Short text fragments from websites:

⁂

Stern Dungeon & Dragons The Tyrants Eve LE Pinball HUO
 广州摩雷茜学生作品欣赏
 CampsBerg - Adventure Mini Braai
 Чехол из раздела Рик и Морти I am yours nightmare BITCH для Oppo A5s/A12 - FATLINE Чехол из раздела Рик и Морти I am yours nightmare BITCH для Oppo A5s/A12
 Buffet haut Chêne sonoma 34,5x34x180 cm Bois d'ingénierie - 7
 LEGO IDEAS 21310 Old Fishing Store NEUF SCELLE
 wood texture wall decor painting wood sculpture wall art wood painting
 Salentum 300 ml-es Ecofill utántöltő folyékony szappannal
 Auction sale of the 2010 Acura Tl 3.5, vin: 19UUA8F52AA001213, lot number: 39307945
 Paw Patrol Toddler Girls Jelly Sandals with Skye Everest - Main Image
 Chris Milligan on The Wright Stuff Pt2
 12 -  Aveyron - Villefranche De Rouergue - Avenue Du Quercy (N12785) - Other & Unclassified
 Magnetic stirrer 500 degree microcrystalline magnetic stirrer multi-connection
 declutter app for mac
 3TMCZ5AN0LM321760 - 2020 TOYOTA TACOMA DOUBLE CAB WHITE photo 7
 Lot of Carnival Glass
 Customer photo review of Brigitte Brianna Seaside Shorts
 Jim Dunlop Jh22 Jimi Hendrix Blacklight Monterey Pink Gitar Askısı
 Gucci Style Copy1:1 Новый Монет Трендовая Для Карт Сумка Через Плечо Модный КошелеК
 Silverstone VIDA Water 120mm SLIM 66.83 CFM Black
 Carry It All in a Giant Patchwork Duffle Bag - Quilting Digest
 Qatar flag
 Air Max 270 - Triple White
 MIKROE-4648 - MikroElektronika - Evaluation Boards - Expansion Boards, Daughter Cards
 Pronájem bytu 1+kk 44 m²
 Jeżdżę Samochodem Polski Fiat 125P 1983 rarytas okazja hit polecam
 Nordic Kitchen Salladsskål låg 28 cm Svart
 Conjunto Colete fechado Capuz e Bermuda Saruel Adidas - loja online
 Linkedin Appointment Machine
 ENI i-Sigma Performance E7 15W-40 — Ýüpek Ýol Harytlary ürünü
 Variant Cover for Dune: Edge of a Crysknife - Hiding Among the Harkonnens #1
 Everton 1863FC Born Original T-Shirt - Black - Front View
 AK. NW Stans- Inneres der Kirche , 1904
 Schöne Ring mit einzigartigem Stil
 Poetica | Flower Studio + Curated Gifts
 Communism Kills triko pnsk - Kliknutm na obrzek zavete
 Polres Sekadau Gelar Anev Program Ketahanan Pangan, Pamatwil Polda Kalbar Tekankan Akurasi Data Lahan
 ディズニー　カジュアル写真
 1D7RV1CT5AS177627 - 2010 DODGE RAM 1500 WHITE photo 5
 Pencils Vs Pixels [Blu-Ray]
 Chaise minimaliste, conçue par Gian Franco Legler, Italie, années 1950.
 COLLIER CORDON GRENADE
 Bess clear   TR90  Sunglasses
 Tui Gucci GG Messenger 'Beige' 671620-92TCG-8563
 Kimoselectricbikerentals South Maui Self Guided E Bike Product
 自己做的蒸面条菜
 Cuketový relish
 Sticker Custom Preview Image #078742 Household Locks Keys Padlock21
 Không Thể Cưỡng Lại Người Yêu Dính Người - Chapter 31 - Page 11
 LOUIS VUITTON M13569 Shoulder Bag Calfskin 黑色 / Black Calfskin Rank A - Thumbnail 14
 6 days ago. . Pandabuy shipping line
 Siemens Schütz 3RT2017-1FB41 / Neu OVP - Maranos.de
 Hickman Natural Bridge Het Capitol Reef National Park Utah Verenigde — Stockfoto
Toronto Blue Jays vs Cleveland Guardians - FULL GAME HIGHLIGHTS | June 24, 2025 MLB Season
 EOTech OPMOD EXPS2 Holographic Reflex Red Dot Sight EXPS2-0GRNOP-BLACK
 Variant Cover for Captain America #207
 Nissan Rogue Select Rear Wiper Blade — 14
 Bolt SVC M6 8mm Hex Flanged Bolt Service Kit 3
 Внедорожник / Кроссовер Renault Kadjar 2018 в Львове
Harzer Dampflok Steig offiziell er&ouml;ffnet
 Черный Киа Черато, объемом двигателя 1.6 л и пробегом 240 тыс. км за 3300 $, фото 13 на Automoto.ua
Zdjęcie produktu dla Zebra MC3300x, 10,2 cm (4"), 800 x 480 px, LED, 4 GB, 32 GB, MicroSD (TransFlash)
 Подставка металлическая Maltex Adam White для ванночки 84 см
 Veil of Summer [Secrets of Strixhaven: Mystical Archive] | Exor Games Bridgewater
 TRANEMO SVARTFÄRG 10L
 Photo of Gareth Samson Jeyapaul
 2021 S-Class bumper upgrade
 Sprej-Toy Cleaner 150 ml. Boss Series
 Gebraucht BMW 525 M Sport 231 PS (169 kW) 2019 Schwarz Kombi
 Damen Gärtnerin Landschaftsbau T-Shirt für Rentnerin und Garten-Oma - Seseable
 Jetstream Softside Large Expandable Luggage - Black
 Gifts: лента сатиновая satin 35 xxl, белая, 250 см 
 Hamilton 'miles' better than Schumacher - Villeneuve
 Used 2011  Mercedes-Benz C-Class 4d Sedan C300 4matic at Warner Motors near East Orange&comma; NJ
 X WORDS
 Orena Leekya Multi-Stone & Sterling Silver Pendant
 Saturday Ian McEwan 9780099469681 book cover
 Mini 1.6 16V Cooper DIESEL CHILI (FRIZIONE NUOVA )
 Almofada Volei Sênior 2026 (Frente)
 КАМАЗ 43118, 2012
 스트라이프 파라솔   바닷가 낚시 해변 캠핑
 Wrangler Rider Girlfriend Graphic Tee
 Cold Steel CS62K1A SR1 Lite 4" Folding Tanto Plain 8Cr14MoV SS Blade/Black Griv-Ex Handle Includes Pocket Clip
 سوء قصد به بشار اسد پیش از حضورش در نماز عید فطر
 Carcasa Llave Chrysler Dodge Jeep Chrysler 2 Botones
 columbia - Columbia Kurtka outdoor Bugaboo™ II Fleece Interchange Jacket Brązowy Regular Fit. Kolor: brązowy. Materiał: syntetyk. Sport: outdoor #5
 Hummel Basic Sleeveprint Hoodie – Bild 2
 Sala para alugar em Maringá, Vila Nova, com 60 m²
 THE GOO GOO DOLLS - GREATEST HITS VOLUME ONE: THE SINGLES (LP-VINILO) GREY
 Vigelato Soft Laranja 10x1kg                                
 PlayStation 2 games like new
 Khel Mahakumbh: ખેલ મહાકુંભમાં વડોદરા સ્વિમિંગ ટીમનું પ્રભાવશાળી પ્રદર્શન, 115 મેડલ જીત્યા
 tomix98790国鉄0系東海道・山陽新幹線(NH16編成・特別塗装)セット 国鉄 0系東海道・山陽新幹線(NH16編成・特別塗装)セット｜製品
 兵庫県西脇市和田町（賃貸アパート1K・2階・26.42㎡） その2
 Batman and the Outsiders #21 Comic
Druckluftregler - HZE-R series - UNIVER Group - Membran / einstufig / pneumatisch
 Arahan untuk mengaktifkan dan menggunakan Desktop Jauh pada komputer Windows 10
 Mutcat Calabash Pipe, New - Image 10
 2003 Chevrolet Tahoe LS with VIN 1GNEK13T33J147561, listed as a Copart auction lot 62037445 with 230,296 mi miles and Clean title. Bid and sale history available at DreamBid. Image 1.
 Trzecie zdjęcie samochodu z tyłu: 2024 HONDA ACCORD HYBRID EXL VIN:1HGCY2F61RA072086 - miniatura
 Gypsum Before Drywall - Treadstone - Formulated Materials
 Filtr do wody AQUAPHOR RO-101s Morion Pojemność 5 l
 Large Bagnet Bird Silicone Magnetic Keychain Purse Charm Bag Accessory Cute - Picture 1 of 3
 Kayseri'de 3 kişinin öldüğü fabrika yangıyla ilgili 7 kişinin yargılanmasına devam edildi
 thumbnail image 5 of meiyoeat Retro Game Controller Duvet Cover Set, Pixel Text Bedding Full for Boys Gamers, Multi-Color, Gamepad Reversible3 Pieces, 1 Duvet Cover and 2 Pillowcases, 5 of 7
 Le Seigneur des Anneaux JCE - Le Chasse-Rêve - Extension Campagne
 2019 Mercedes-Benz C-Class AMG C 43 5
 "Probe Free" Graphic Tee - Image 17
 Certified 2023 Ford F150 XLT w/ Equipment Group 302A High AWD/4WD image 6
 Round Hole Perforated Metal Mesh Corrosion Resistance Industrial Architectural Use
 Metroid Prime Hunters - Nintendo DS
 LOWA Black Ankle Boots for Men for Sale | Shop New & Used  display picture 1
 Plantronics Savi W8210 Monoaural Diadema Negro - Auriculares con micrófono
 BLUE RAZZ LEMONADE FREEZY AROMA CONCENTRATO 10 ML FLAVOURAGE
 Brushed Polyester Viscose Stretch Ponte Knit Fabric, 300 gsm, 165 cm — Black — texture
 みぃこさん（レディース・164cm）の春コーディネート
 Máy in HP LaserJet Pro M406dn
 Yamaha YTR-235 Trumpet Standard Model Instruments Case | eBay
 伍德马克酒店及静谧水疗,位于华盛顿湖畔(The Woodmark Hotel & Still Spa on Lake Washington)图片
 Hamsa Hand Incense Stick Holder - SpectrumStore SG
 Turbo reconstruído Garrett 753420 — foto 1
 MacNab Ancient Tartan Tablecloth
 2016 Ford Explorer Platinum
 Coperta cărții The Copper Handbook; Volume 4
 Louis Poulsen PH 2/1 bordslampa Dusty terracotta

⁂

▸ **WORK ORDER**
Looking at the entries above, count each line in which the word "Shirt" occurs, then give the total and nothing further.

▸ **RESPONSE BOX**
2